Records supplied>
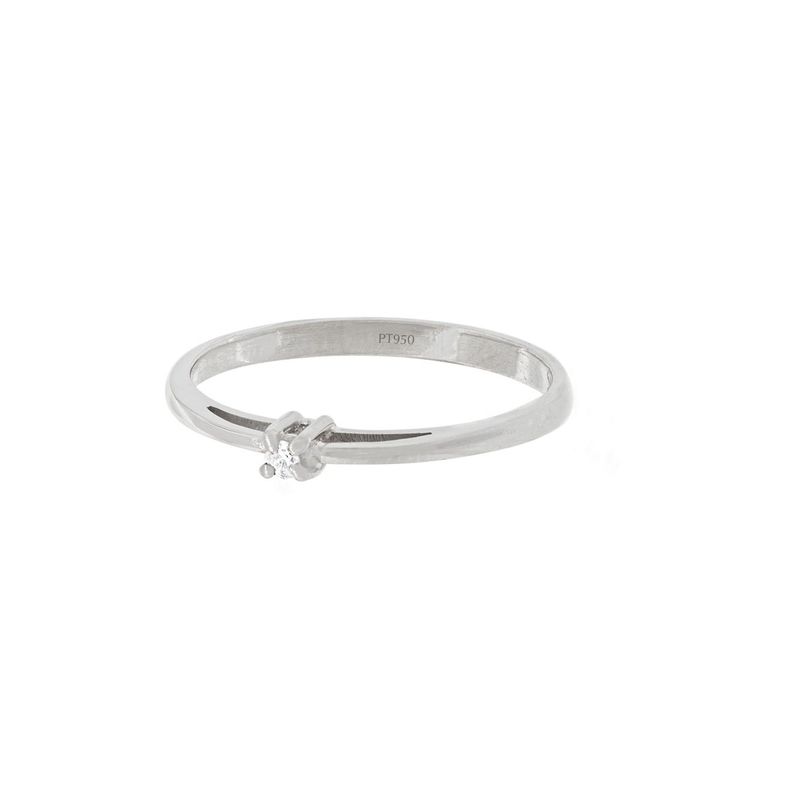 Anillo Compromiso Platino Mónaco Solitario de 3ptos-2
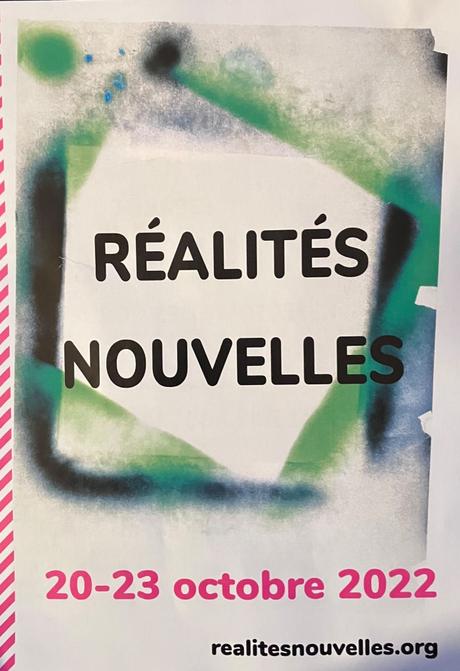 Salon Réalités Nouvelles – 20/23 Octobre 2022.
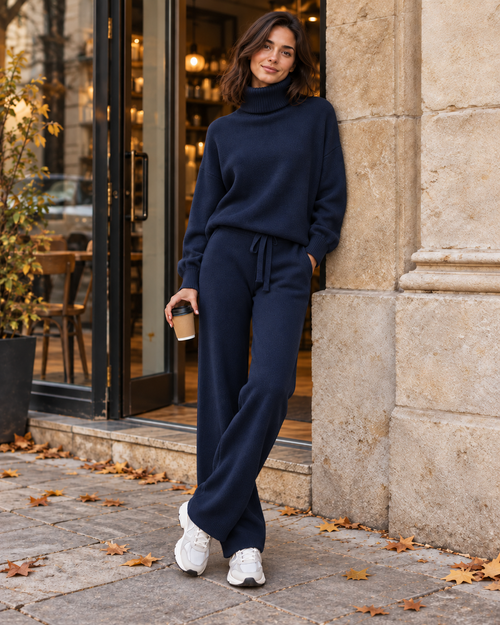 AMARA TURTLENECK SWEATER & DRAWSTRING PANTS SET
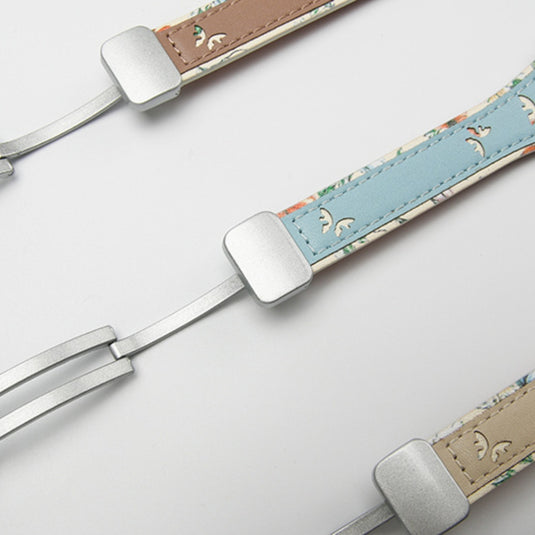 Apple Watch Series 1/2/3/4/5/6/SE/7/8/9/Ultra - Hollowed-out Butterfly Printed Leather Tang Buckle Watch Band - i-Station Mobile Phone & Electronic Device Repair and Accessories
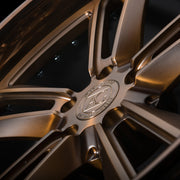 AG Luxury AGL27 brushed polished bronze monoblock forged wheel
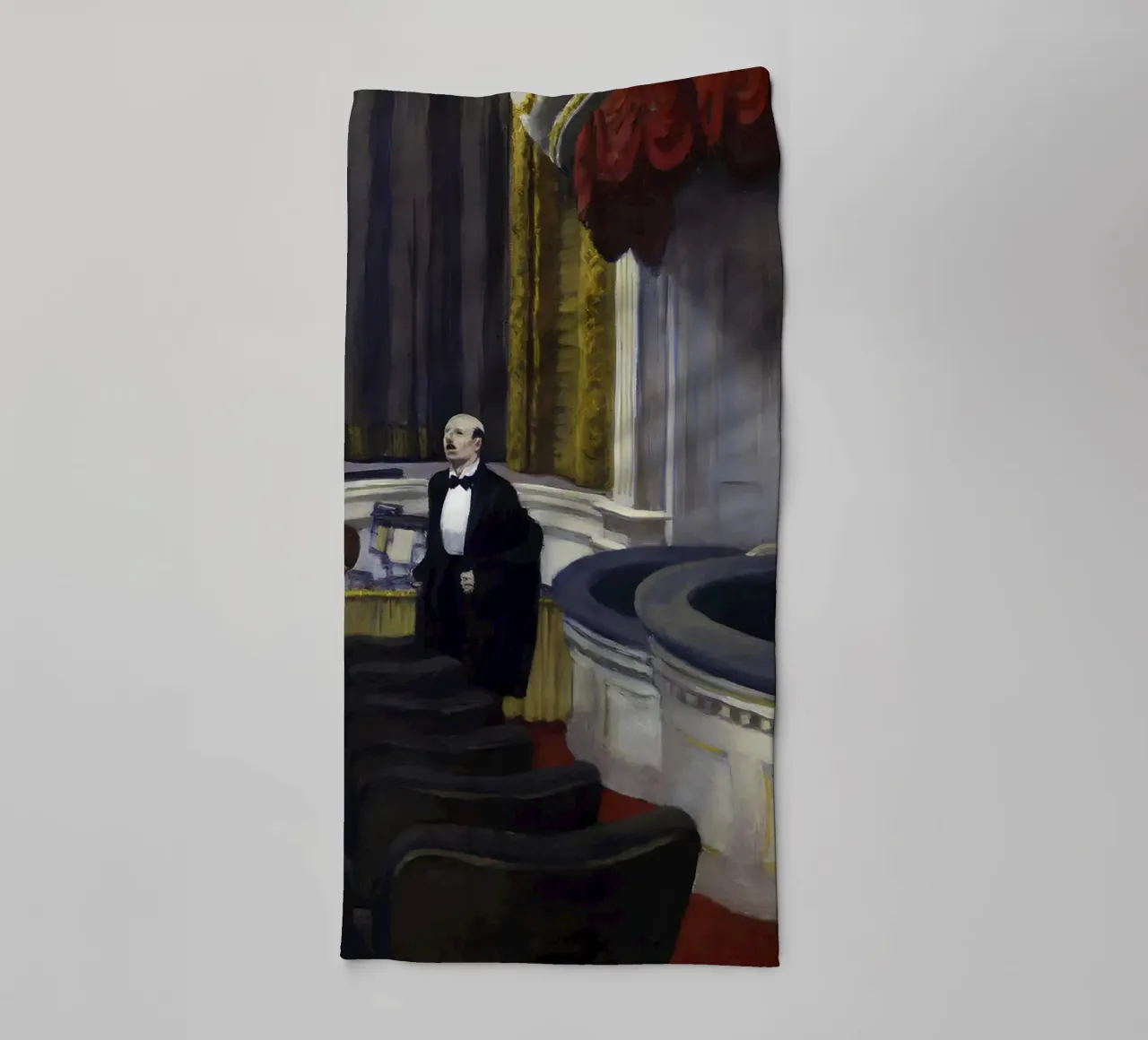 Due sul corridoio" di Hopper - Realismo americano e teatro Sce asciugamano da bagno da NorwesClub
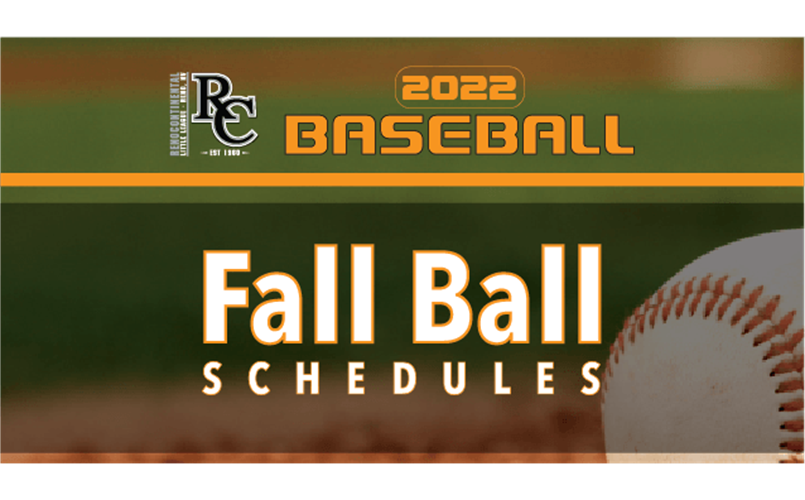 Fall Ball Schedules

Activity> Find the line containing "Salon Réalités Nouvelles" in the listing above. Restate it and every line after it, word for word, through the final line, leaving out the pictures.

Output for this task>
 Salon Réalités Nouvelles – 20/23 Octobre 2022.
 AMARA TURTLENECK SWEATER & DRAWSTRING PANTS SET
 Apple Watch Series 1/2/3/4/5/6/SE/7/8/9/Ultra - Hollowed-out Butterfly Printed Leather Tang Buckle Watch Band - i-Station Mobile Phone & Electronic Device Repair and Accessories
 AG Luxury AGL27 brushed polished bronze monoblock forged wheel
 Due sul corridoio" di Hopper - Realismo americano e teatro Sce asciugamano da bagno da NorwesClub
 Fall Ball Schedules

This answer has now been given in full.